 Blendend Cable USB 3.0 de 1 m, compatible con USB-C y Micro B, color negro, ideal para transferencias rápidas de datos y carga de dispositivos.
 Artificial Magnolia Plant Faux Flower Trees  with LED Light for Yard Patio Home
---
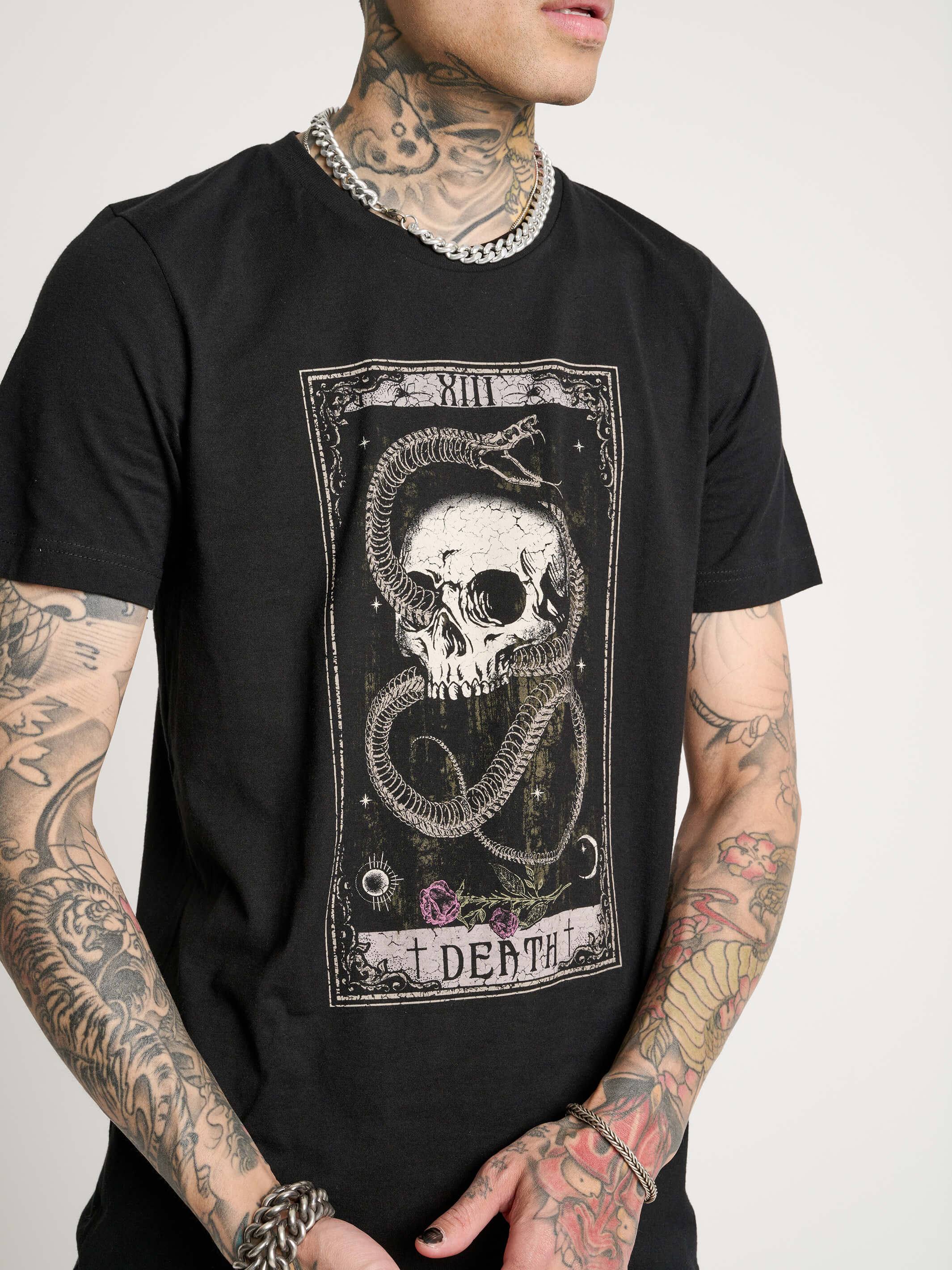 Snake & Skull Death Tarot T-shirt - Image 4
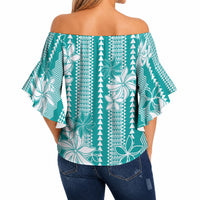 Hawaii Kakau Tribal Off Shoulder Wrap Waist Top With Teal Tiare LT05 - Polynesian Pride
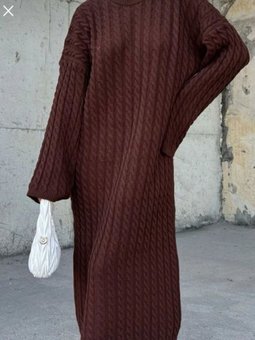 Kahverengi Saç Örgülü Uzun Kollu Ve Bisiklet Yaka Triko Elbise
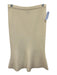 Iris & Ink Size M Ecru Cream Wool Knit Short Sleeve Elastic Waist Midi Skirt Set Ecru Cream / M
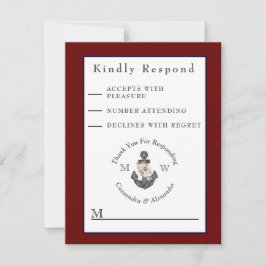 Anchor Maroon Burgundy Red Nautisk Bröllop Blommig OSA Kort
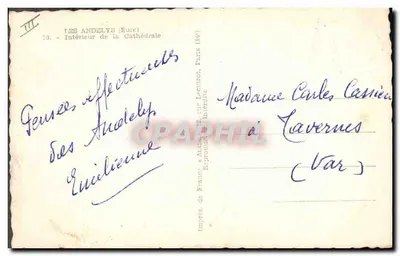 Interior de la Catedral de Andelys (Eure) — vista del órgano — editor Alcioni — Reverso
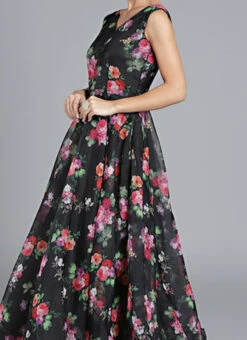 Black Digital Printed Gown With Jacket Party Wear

DESCRIPTION OF THE TASK: Copy back exactly the lines above from the one containing "Anchor Maroon Burgundy" through the one containing "Black Digital Printed", and leave every picture behind.

EXERCISE OUTPUT:
 Anchor Maroon Burgundy Red Nautisk Bröllop Blommig OSA Kort
 Interior de la Catedral de Andelys (Eure) — vista del órgano — editor Alcioni — Reverso
 Black Digital Printed Gown With Jacket Party Wear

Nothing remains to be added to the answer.